The U.S. District Court for the Central District of California dismissed the right of publicity claim with prejudice. According to the Court’s brief analysis, “no cause of action will lie for the publication of matters in the public interest.” The Court observed that the “public interest defense” is “rooted in the First Amendment, which permits film producers to depict matters in the public arena without fear of liability.” Because Straight Outta Compton concerns “a public controversy over Plaintiff’s tumultuous relationship with the hugely successful N.W.A.,” the Court found the right of publicity claim subordinate to the First Amendment.
If the Court’s ruling stands, it will provide even greater protection for filmmakers than the most recent 9th Circuit case on the issue. As we observed here, the 9th Circuit handed down a right of publicity decision involving the feature film The Hurt Locker.

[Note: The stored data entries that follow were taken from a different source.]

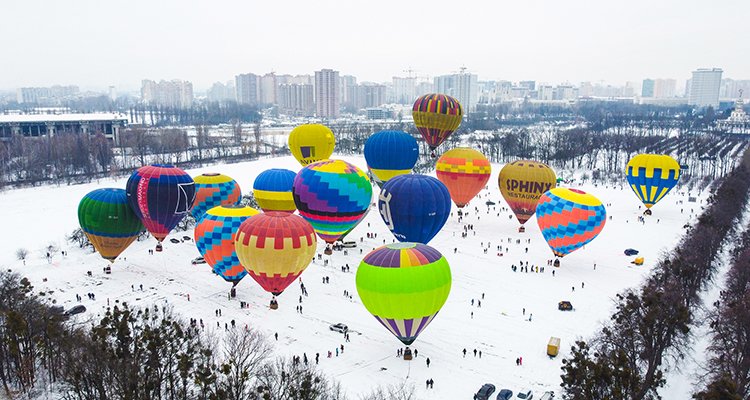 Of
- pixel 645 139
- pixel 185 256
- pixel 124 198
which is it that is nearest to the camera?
pixel 124 198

There, the Court upheld the dismissal of the claim noting the important First Amendment protection afforded to “storytellers and artists who take the raw materials of life—including the stories of real individuals, ordinary or extraordinary—and transform them into art, be it articles, books, movies or plays.” Even “more critically” though, the 9th Circuit found that Sergeant Jeffrey Sarver—the individual whose publicity rights were allegedly violated—had not “invested time and money to build up economic value in a marketable performance or identity.” Rather, he was a “private person” who “expressly disavowed the notion that he sought to attract public attention to himself.”
Unlike Sergeant Sarver, Mr. Heller does not appear to shy away from the limelight. In fact, Mr. Heller alleged in his initial Complaint that he is a “highly successful and respected business professional.” He also claims that he struck a deal to collaborate with Defendants on a screenplay relating to the story of N.W.A. These facts alone would arguably seem to take Mr. Heller’s claims outside of The Hurt Locker holding.
For now, though, Mr. Heller’s right of publicity claim is kicked straight outta court. We will see if he can stop the hurtin’ if he takes his case up to the 9th Circuit.